_Entries shown_
* * * * * * *

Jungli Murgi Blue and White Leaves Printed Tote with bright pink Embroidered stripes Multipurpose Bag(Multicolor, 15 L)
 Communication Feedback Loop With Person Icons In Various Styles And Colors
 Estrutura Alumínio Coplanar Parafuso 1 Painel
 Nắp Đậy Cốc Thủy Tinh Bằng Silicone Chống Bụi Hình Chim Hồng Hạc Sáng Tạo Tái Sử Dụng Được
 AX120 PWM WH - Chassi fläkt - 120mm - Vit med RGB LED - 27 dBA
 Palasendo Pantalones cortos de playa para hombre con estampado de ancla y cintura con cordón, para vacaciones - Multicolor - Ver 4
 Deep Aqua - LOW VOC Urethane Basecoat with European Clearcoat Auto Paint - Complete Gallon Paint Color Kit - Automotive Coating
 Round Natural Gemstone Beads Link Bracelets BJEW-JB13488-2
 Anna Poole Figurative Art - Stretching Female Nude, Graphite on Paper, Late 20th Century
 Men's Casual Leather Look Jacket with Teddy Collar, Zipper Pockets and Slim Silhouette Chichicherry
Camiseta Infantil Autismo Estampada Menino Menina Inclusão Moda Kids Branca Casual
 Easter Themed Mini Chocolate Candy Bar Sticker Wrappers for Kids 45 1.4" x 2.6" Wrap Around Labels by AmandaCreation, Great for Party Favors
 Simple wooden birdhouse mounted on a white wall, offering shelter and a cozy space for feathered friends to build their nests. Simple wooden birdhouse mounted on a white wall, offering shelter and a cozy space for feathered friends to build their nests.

* * * * * * *

_Problem to solve_
Each entry above must be repeated exactly, with nothing dropped.

_Answer section_
Jungli Murgi Blue and White Leaves Printed Tote with bright pink Embroidered stripes Multipurpose Bag(Multicolor, 15 L)
 Communication Feedback Loop With Person Icons In Various Styles And Colors
 Estrutura Alumínio Coplanar Parafuso 1 Painel
 Nắp Đậy Cốc Thủy Tinh Bằng Silicone Chống Bụi Hình Chim Hồng Hạc Sáng Tạo Tái Sử Dụng Được
 AX120 PWM WH - Chassi fläkt - 120mm - Vit med RGB LED - 27 dBA
 Palasendo Pantalones cortos de playa para hombre con estampado de ancla y cintura con cordón, para vacaciones - Multicolor - Ver 4
 Deep Aqua - LOW VOC Urethane Basecoat with European Clearcoat Auto Paint - Complete Gallon Paint Color Kit - Automotive Coating
 Round Natural Gemstone Beads Link Bracelets BJEW-JB13488-2
 Anna Poole Figurative Art - Stretching Female Nude, Graphite on Paper, Late 20th Century
 Men's Casual Leather Look Jacket with Teddy Collar, Zipper Pockets and Slim Silhouette Chichicherry
Camiseta Infantil Autismo Estampada Menino Menina Inclusão Moda Kids Branca Casual
 Easter Themed Mini Chocolate Candy Bar Sticker Wrappers for Kids 45 1.4" x 2.6" Wrap Around Labels by AmandaCreation, Great for Party Favors
 Simple wooden birdhouse mounted on a white wall, offering shelter and a cozy space for feathered friends to build their nests. Simple wooden birdhouse mounted on a white wall, offering shelter and a cozy space for feathered friends to build their nests.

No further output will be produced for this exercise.